Matwetwe. Ace shit. Hyper-relatable. Anchored by a front-porch trio steeped tongue-deep in Spitori’s inventive linguistic twists, featuring a hood genius and his bathroom rapper and business mogul-aspirant friend, who mix in and out of the lives of a rolling cast of kasi residents.
Their motive? Push trees. The strain? Matwetwe.
Viewers also get to witness the evolution of Little Brown Kau, the human-cow boeta who was a constant feature on the epic comedy sketch show Pure Monate Show.
It’s a dope one, despite the missed opportunity of having the sound of li-cricket feature prominently, what with the film unfolding over the course of a New Year’s eve.

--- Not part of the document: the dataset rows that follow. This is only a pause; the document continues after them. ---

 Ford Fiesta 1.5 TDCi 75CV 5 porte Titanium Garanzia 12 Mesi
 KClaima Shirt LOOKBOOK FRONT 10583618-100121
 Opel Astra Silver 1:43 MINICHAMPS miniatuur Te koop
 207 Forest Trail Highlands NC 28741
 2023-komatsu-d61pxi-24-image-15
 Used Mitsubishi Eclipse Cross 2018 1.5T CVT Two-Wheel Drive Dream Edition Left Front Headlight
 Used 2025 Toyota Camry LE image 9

Talk has abounded about how the feature-length tragicomedy, adopted for screenplay and directed by grootman van dala Kagiso Lediga, was not marketed properly. It’s not clear what properly means, and one doubts that people who ascribe power to that statement have taken time to observe the mechanics of a pale skin-favouring industry.

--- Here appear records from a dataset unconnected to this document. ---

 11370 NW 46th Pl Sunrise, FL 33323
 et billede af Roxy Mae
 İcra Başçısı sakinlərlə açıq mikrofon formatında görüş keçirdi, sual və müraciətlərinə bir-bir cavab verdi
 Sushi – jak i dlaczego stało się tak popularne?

The film ecosystem in South Africa doesn’t sway to the whims of black filmmakers.
Here are two promotional ideas the Executive Producers and their strategists could have considered:
-The music selection on the film is top notch. Songs by Khuli Chana, Itai Hakim, Zoocci Coke Dope and Dr Philip Tabane’s Malombo interact with the storyline in cautious and intricate ways. The selection helps drive the narrative, which results in an enjoyable watch. So, why not make a playlist of the music featured, and make a deal with Apple Music and Spotify to feature it prominently on their front stores on the Friday during which your film opens?
-There is no on-line home for the film. No website, no social media. This means missed opportunities to sell merchandise. The possibilities are limitless; limited edition prints, collaborations with craftsmen and illustrators, and so forth.
- Matwetwe is currently on circuit at cinemas and independent film houses throughout South Africa.